Protections against Covid-19 also created additional costs. “We spent huge amounts of money on PPE in the first months, some R60,000 [about $3,800],” said a senior social worker at the Saartjie Bartman Centre. Like others, this shelter also spent precious funds on private car services to reduce staff exposure on public transport. Fundraising events were canceled and at least some shelters decided to stop in-kind deliveries of food and other support that they usually depend on to reduce opportunities for virus transmission. In-person outreach work in communities also stopped, potentially reducing people’s access and knowledge about sheltering.
Covid-19 Impacts on Services for Survivors
Shelter workers said that perhaps the most worrying loss for shelter residents from the pandemic has been job opportunities. “Women can’t find jobs now, some have been with us for six months now and have no follow-up plan because of that,” a KwaZulu-Natal social worker at a shelter said in February. “I refuse to send a client back to an abusive situation.”
“Our clients have been disappointed,” said a senior social worker from the Sahara Shelter. “A lot come here unemployed, and we try to work as much as possible with local businesses and people who can give our clients jobs, so they have income, but that’s not been possible under Covid-19.” Another social worker said that “We have 15 women [clients] with us now, and only two are employed – it’s terrible.”
Government services were harder to get, including some lifesaving services. “Some government officials were working from home and it was hard to reach them”, a social worker from a shelter in the Eastern Cape Province said. “[This] led to a delay in service delivery to our clients and also added strain on them with regard to their cases. In the beginning of the lockdown, cases were postponed in court and protection orders could not be granted on the date set.”

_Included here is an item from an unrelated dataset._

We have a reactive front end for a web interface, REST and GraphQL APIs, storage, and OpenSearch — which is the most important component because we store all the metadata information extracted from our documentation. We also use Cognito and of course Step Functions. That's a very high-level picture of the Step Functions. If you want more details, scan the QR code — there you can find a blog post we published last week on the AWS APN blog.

“We faced huge problems in getting protection orders,” another social worker said.
Others said that health services were affected, with some hospitals shutting down or canceling normal services their clients depended on, some medications being harder to get, and general anxiety and uncertainty as to when taking a client to a hospital or clinic was worth the risk of exposure to Covid-19. “Access to mental [health services] and other health care has proved to be extremely inaccessible during lockdown, even more so than before,” a domestic violence worker in the Cape Flats said.

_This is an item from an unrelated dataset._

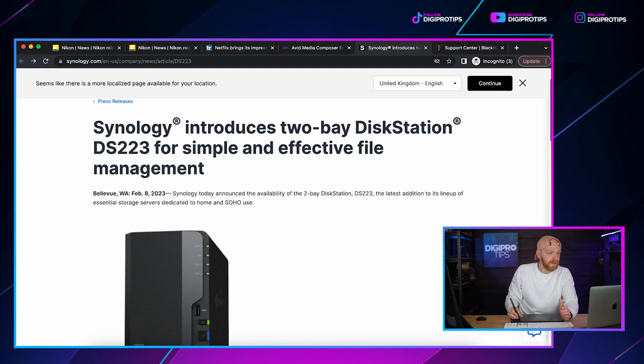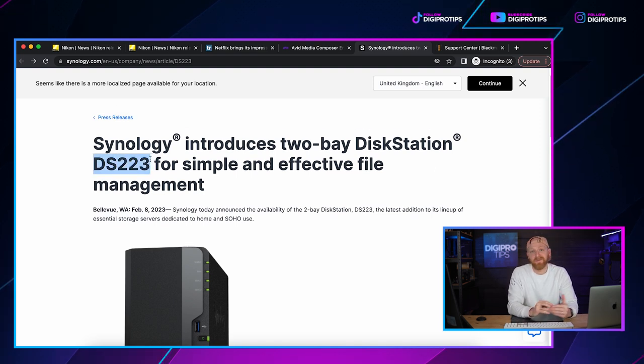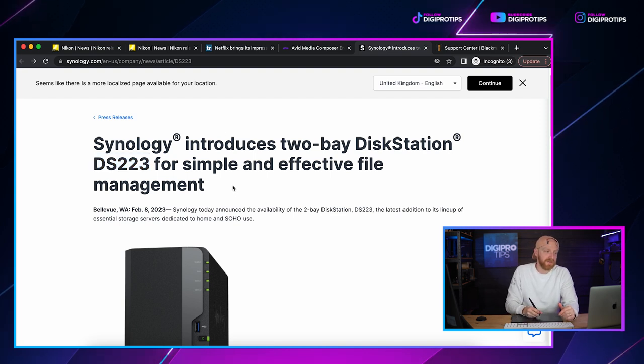As you'll know if you watch DigiProTips, network attached storage is a bit of a thing here — and that's why I have another announcement on a Synology NAS that has come to market. It's the entry-level two-bay NAS, the DS-223, which would be fantastic for many small teams — maybe two to four editors, motion designers — or even somebody working from home that wants extra storage capacity without having to use loads of hard drives. It's a two-bay NAS in the 2023 version.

Shelters struggled to keep essential services such as psychosocial – mental health – support and counseling ongoing, and these essential services were halted in some places for at least a period. Some shelters lost at least some programming. “We also had to stop all our extra services,” said one social worker.
Organizations like SWEAT, the Sex Workers Education and Advocacy Taskforce, and Mothers for the Future, a SWEAT offshoot, who work to support sex workers including protecting them against gender-based violence, struggled with major programming losses, especially in the early days of the pandemic. “We had to stop support group meetings,” Dlamini said. “We moved over to a WhatsApp group so we could provide a little support.”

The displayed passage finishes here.